1. Try to sleep in a position which helps you maintain the curves in your neck and back. Sleeping on your back is the most ergonomically correct sleeping position, as long as you are using the right type of pillow. If you sleep on your back, you’ve won half the battle. Make sure to use a thinner but supportive pillow. If you use a thick pillow or multiple pillows, they can stretch and strain your neck muscles. Your head needs to be in a neutral position for the 8 hours that you sleep, and multiple pillows under your head only bring your head forward and can cause a variety of problems.

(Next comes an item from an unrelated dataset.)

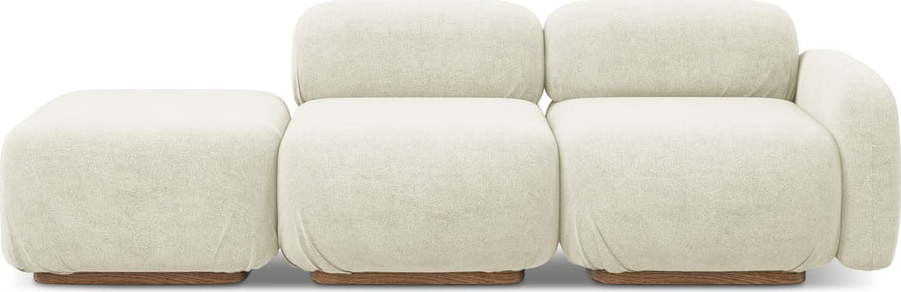 Krémová lenoška z textilie bouclé (levý roh) Ailani – Makamii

2. If you are a side sleeper and are having a hard time switching to sleeping on your back, all you have to do is use a few pillows to modify your sleeping posture for better and restful sleep, less aches, and more energy during the day. Use a thicker pillow for your head; since you sleep on your side, you want to create the most neutral position for your head with a thicker pillow to support your neck and head. Also add another pillow in between your knees to create symmetry and a better posture. This will help take any pressure off your lower back and hip.
3. If you sleep on your stomach, do everything in your power not to. This is the worse sleeping posture and there’s not much to modify here. Keep in mind, it may take months to train your body to change and or modify your sleeping posture, but it is doable.
4. Finally, when standing up from the lying position, turn on your side, draw up both knees and swing your legs on the side of the bed. Sit up by pushing yourself up with your hands. Avoid bending forward at your waist.